Today is the feast day of St Nicholas. Like St Cecilia, who I mentioned a fortnight ago, we don’t know much about his actual life. We do know that he was Bishop of Myra, in what is now Turkey. One of the early legends about him is that he gave three girls a dowry to prevent them having to enter prostitution when their family fell on hard times. He delivered the gifts at night so that he could remain anonymous. So, he became identified with the giving of gifts to children, firstly by the Dutch, and then by Dutch settlers in North America who merged the legend with a Nordic folklore story about a magician who punished naughty children and rewarded good ones. And so, Santa Claus, to use his Dutch name, was born. There were different customs surrounding the giving of gifts until in 1823 the poem “A visit from St Nicholas” (better known today as The Night Before Christmas) was published. The poem captured the imagination throughout the USA, the UK and beyond, giving us the Santa we know today. The cartoonist Thomas Nash illustrated the poem to give us a rotund Santa with a white beard and sack of toys and added red suit trimmed with white fur, North Pole workshop, elves and his wife, Mrs. Claus. The story was complete.

Meanwhile in the UK Father Christmas presided over merry making and feasts at Christmas. In Victorian times the emphasis at Christmas shifted to families and children and Father Christmas became merged with Santa Claus.

That’s how we got from a fourth century bishop to the modern Santa. He poses a dilemma. Should we tell little children to believe in Father Christmas? What if when they stop believing in Santa, they throw out God as well?

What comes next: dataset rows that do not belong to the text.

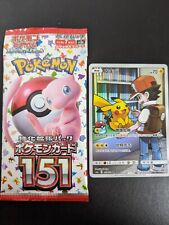 Pikachu & Red Shining Synergy 153/150 Pokemon Card & Japanese 151 Booster Pack picture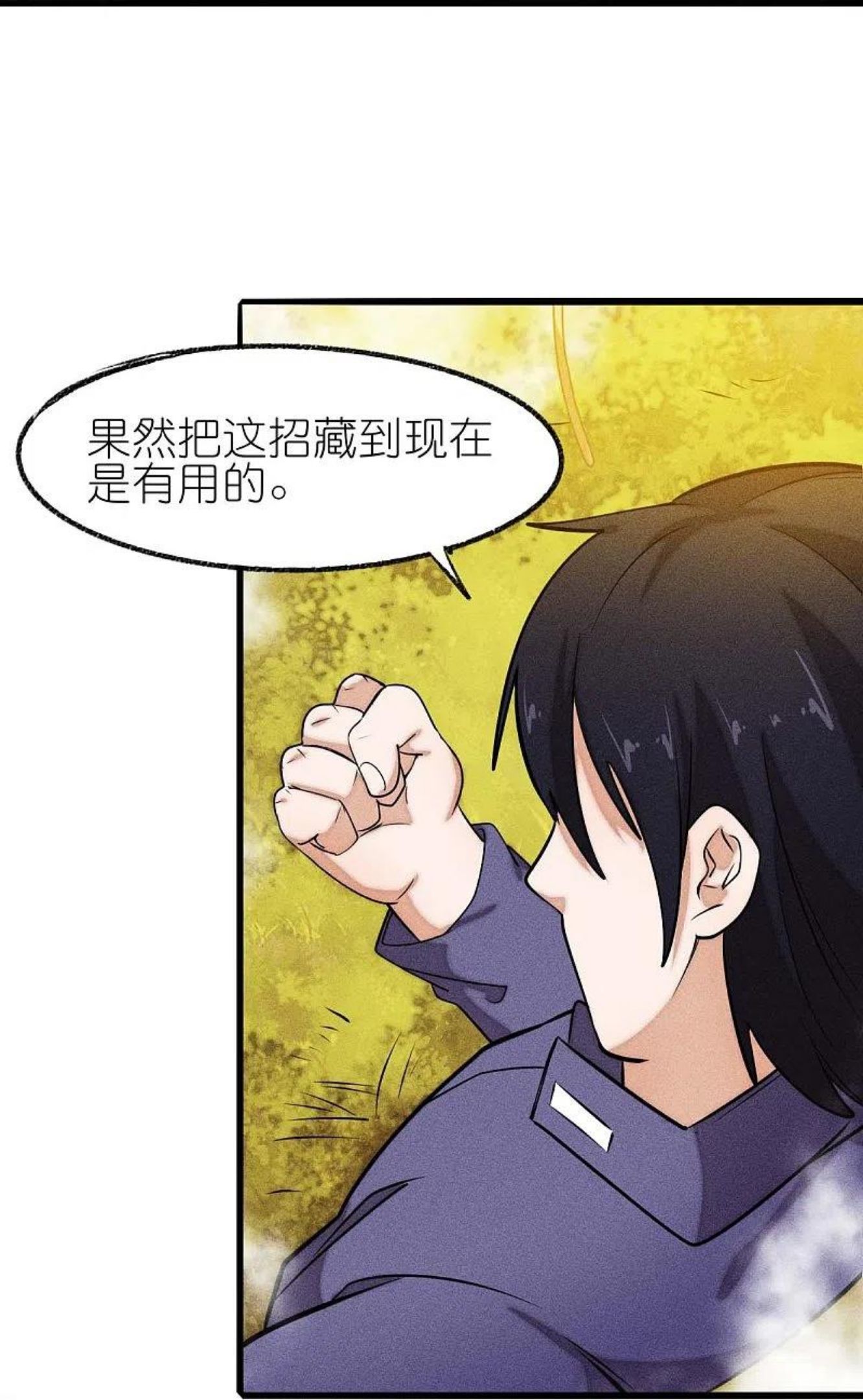 校园狂师漫画,第250话 难分伯仲16图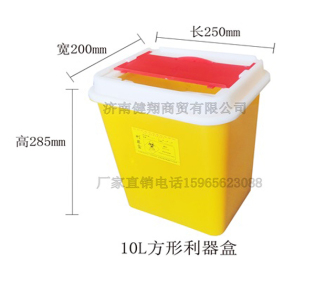 10L方形利器盒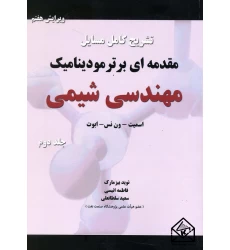 کتاب تشریح کامل مسایل مقدمه ای بر ترمودینامیک مهندسی شیمی جلد دوم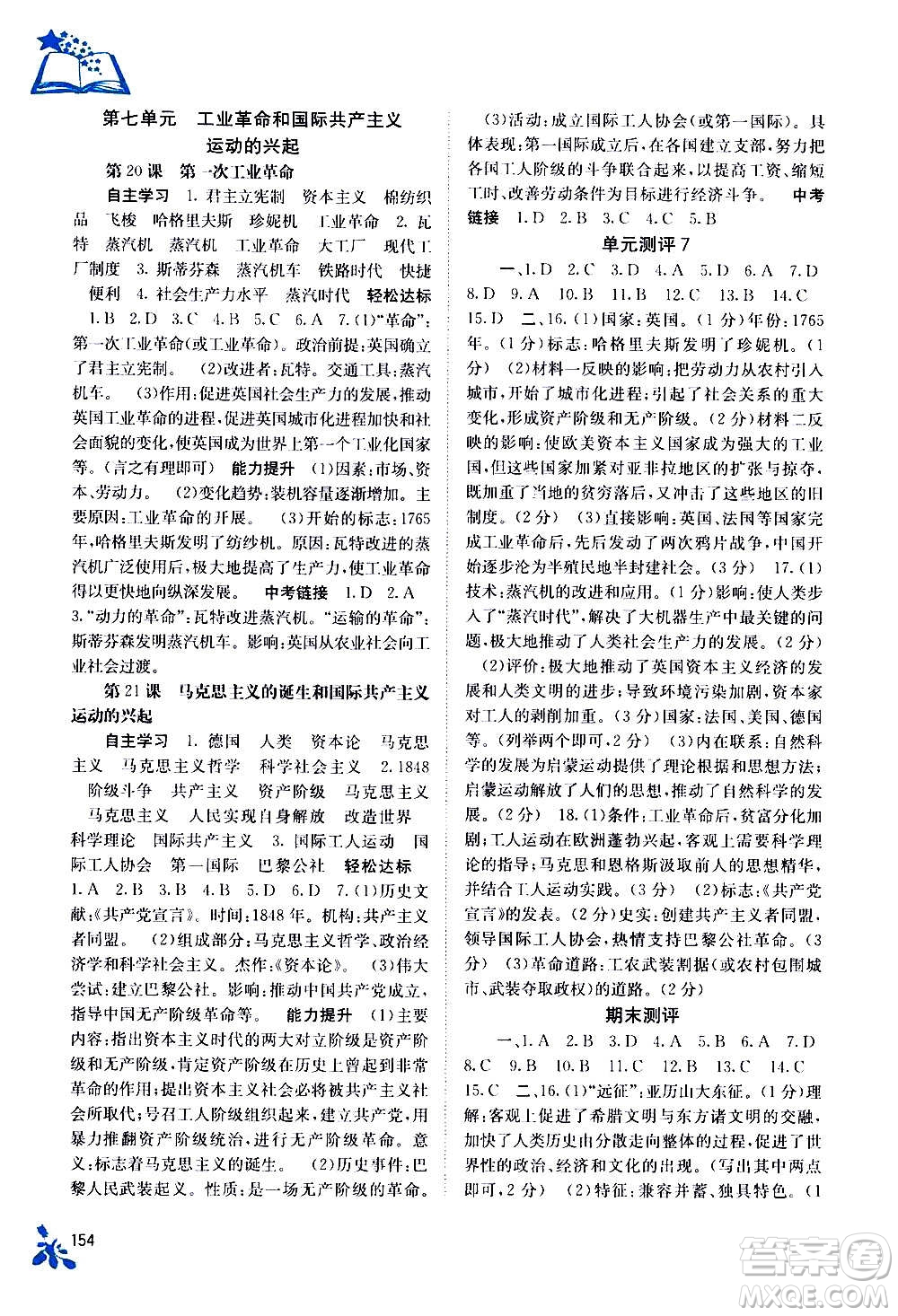 廣西教育出版社2020年自主學(xué)習(xí)能力測評(píng)世界歷史九年級(jí)全一冊人教版答案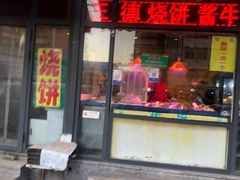 门面-王德炭烤牛羊肉(西关大街店)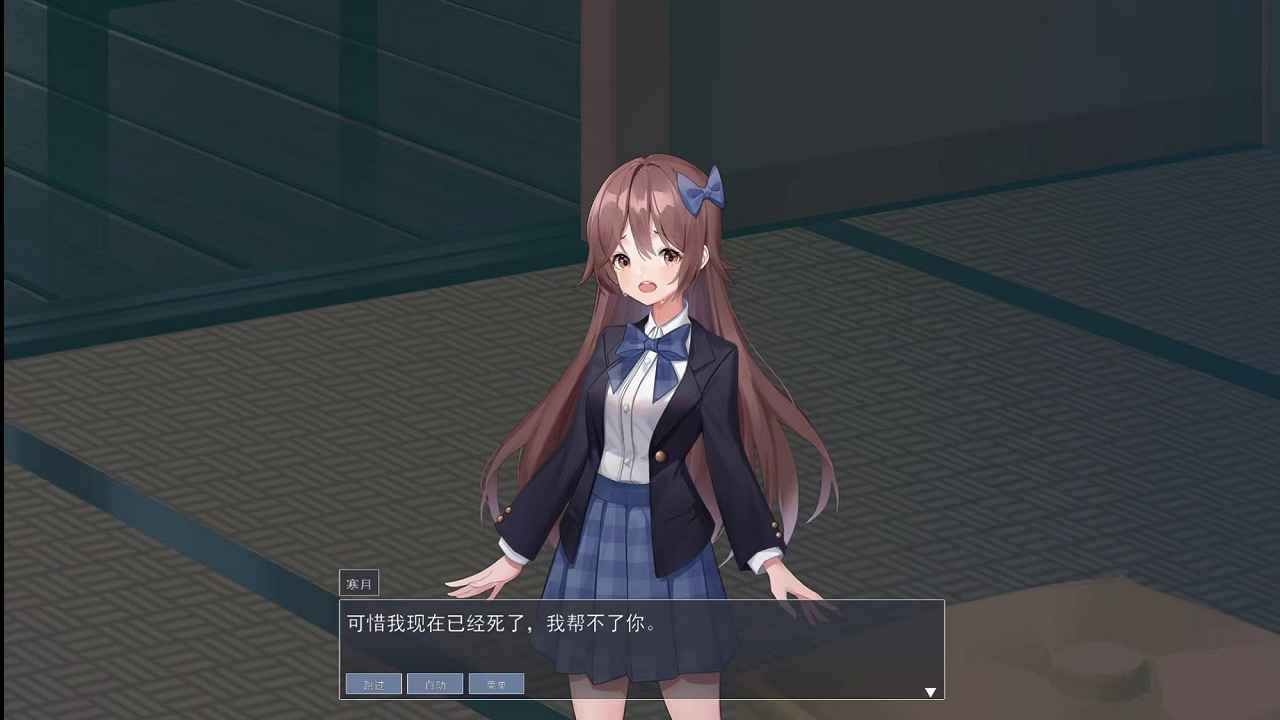 预览图2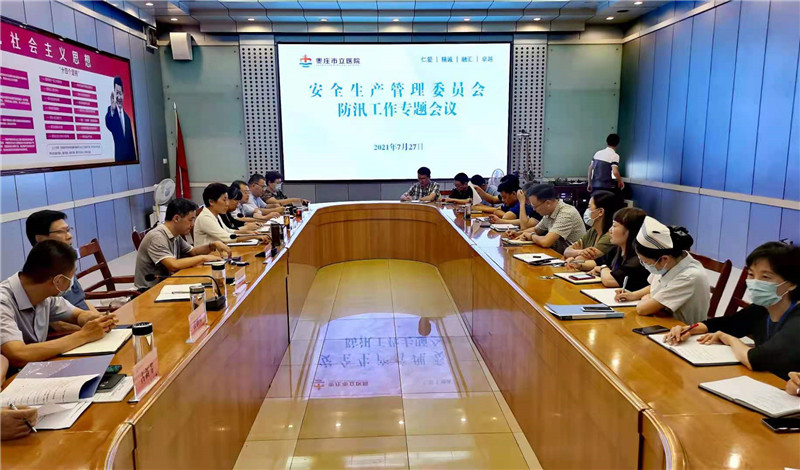 微信图片_202107271711352.jpg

We need to reclaim the idea of myth. These days it’s used to mean something that a lot of people believe that isn’t true such as “goldfish have a 3 second memory”. But the original meaning of myth is a story that is told to explain a deep truth. Like poetry, myths can capture the imagination and explain or illustrate the truth in a way that complements discussion and logic. It is irrelevant whether the events in the story happened – the truth is in the narrative. So Adam and Eve is a myth that speaks to us of our feeling that we are somehow fundamentally flawed. The Greek myth of Pandora’s Box encourages us to believe that although there is much evil in the world, there is always hope, which has the last word.

Santa Claus looked at in this way is an image of a favourite uncle, who can always be relied upon to give us good things. In theory we have to be good to get the presents, but when it comes to it the children are always seem to have been good enough. There is no reciprocity in the relationship – there is no opportunity to give things to Santa. In Christian terms we call this grace – God’s love lavished on the undeserving. Santa represents an aspect of God – his kindness and love to the childlike part of ourselves. Sometimes we need to focus on that simple generosity and put aside the adult understanding of the cross and the obligation we owe to God.

When I was a child, I learnt a good deal about God from the Narnia books which are themselves mythical stories. At the start of “The lion, the witch and the Wardrobe” it is always winter but never Christmas. The first sign that Aslan, the lion who represents Christ, is coming is the ringing of jingling bells.

It was a sledge, and it was reindeer with bells on their harness. But they were far bigger than the Witch’s reindeer, and they were not white but brown. And on the sledge sat a person whom everyone knew the moment they set eyes on him. He was a huge man in a bright red robe (bright as holly-berries) with a hood that had fur inside it and a great white beard that fell like a foamy waterfall over his chest. Everyone knew him because, though you see people of his sort only in Narnia, you see pictures of them and hear them talked about even in our world—the world on this side of the wardrobe door. But when you really see them in Narnia it is rather different. Some of the pictures of Father Christmas in our world make him look only funny and jolly. But now that the children actually stood looking at him they didn’t find it quite like that. He was so big, and so glad, and so real, that they all became quite still. They felt very glad, but also solemn.

“I’ve come at last,” said he.

In some ways we have come full circle. In the early days of Christianity, as it spread across Europe, the missionaries, instead of forbidding the pagan celebrations Christianised them. After 2000 years of Christendom we are losing ground to the forces of commercialism that dominate our culture. Let’s find what common ground we can, take what is good, and use even the story of Santa Claus to speak of love and grace.